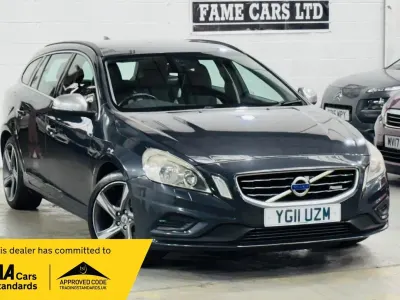 Used Volvo V60 R-Design 163 HP (119 kW) 2011 Grey Estate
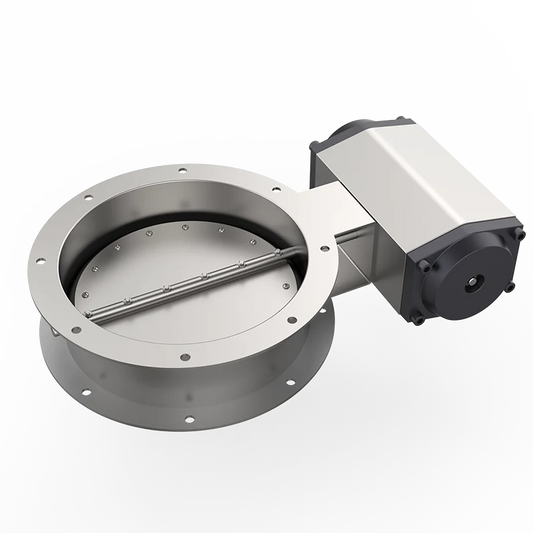 304 Stainless Steel Pneumatic Butterfly Valve for Smoke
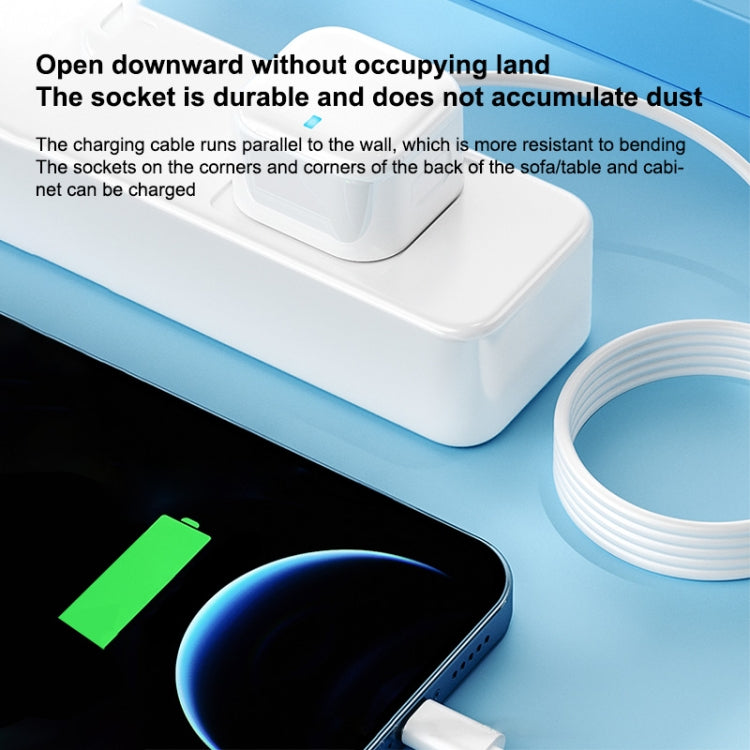 WK WP-U117 20W Type-C / USB-C + USB Fast Charging Travel Charger Power Adapter with light US Plug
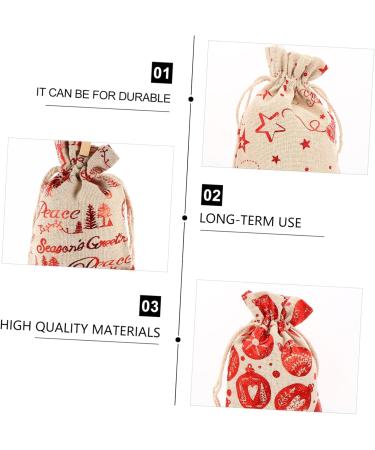 LALAFINA 24pcs Storage Bag Xmas Ing Adorable Bags Christmas Pouch Linen Candy Draw Convenient - Buy Online on GoSupps.com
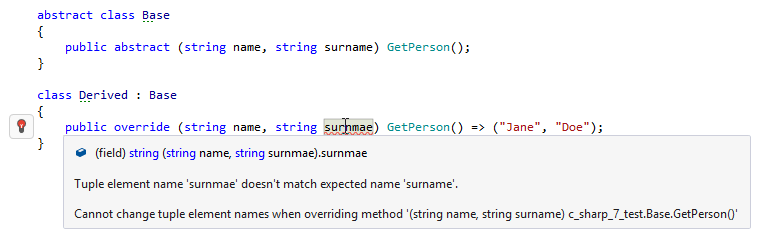 Detecting errors in tuples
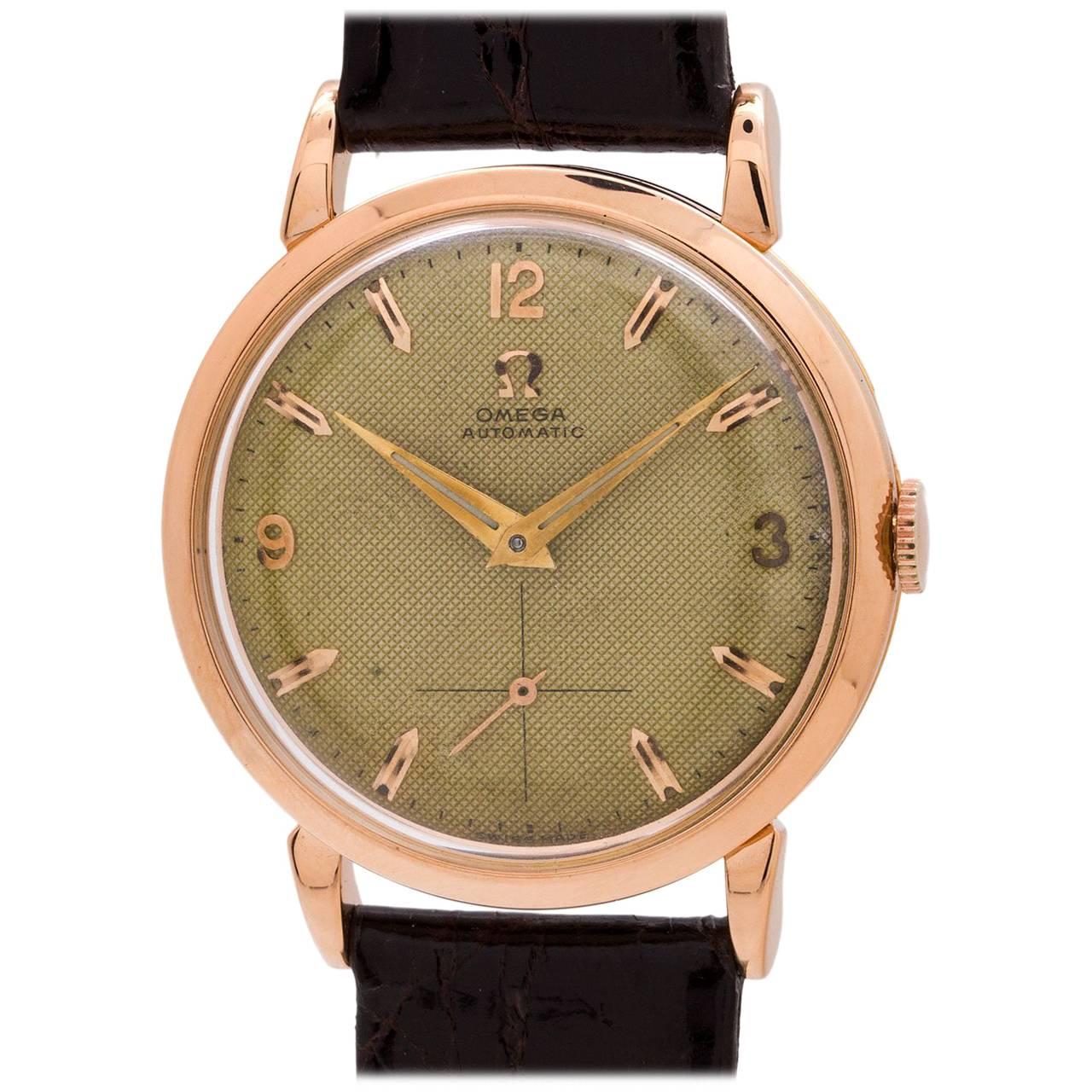 Omega Rose Gold Automatic Wristwatch, circa 1952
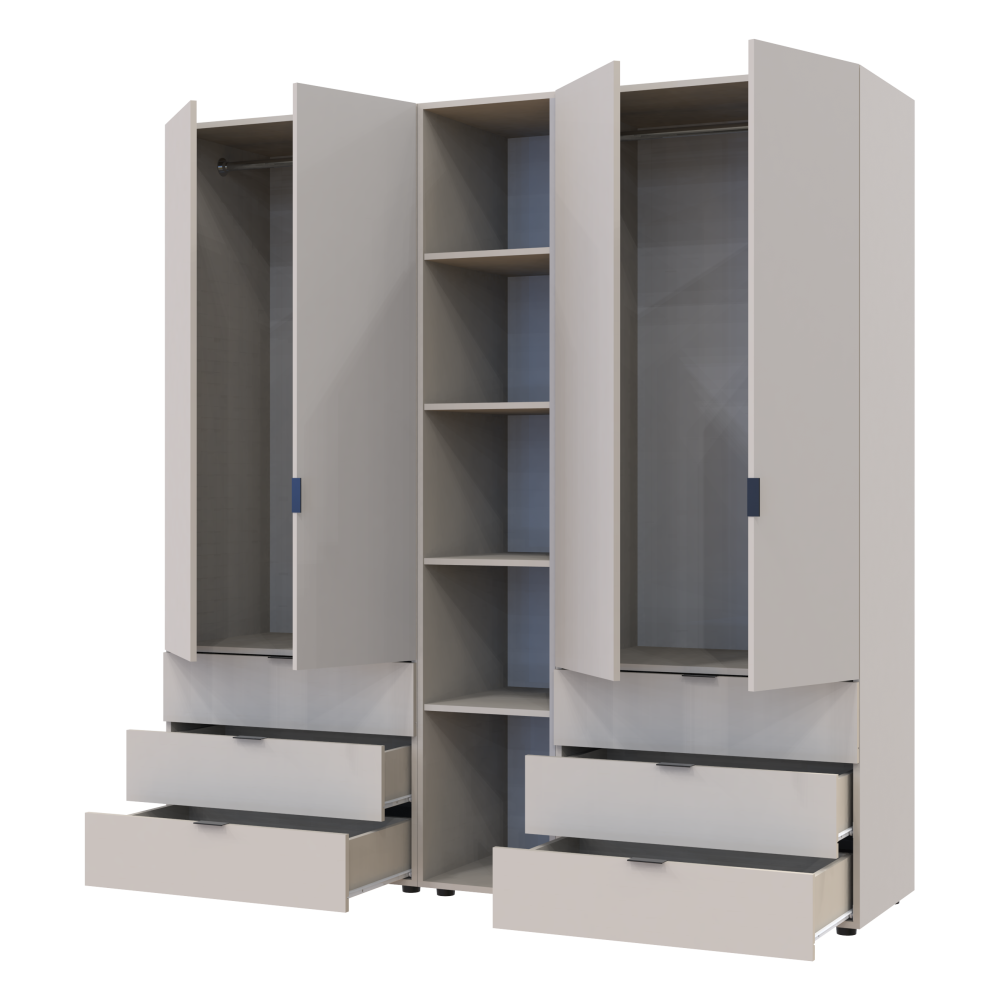 Комплект шкафов для одежды Doros Гелар (3 шт.) 193,2х49,5х203,4 см Кашемир (DRS-011249) Львов - изображение 4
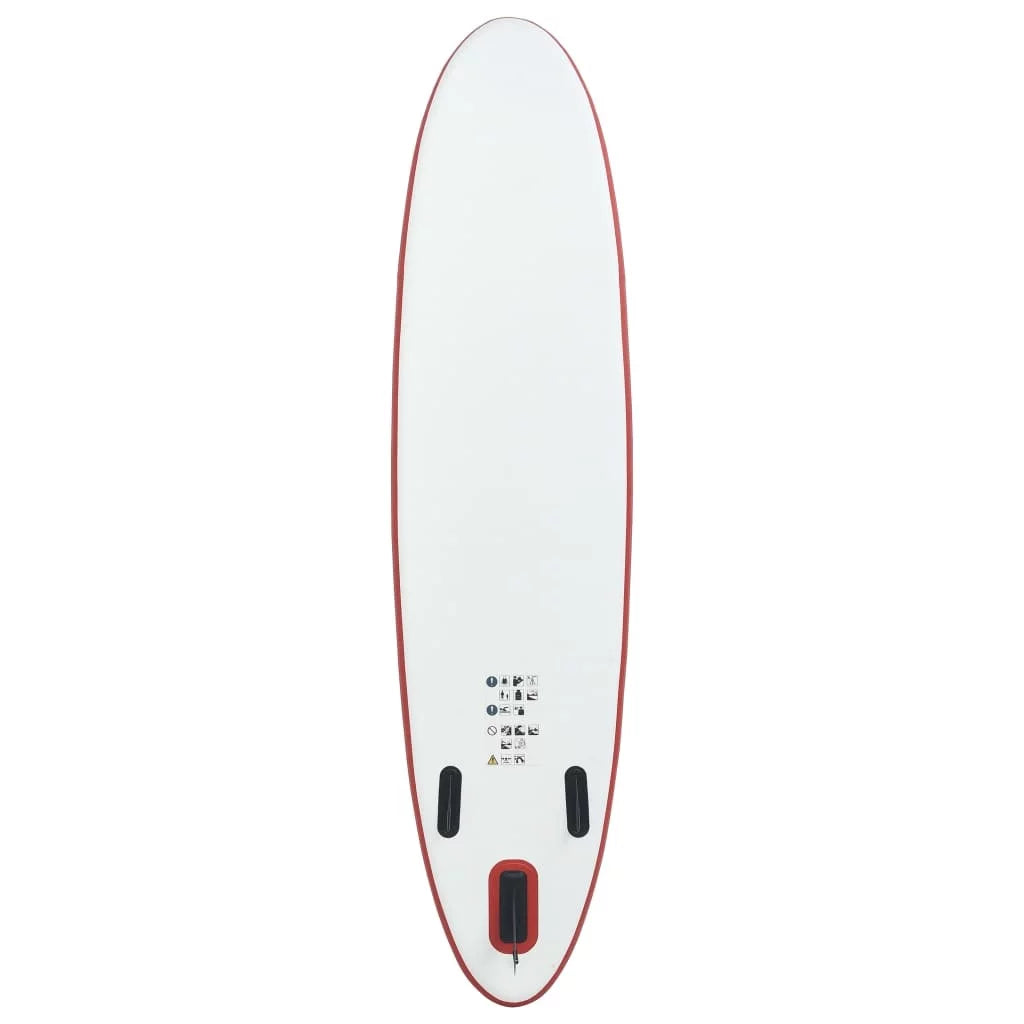 Inflatable Paddle Board Stand Surfboard and - White Striking Red An in Up Set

:: YOUR ASSIGNMENT ::
Everything from the line with "Omega Rose Gold" through the final line of the records above should be written out exactly, minus the pictures.

:: WRITTEN SOLUTION ::
 Omega Rose Gold Automatic Wristwatch, circa 1952
 Комплект шкафов для одежды Doros Гелар (3 шт.) 193,2х49,5х203,4 см Кашемир (DRS-011249) Львов - изображение 4
 Inflatable Paddle Board Stand Surfboard and - White Striking Red An in Up Set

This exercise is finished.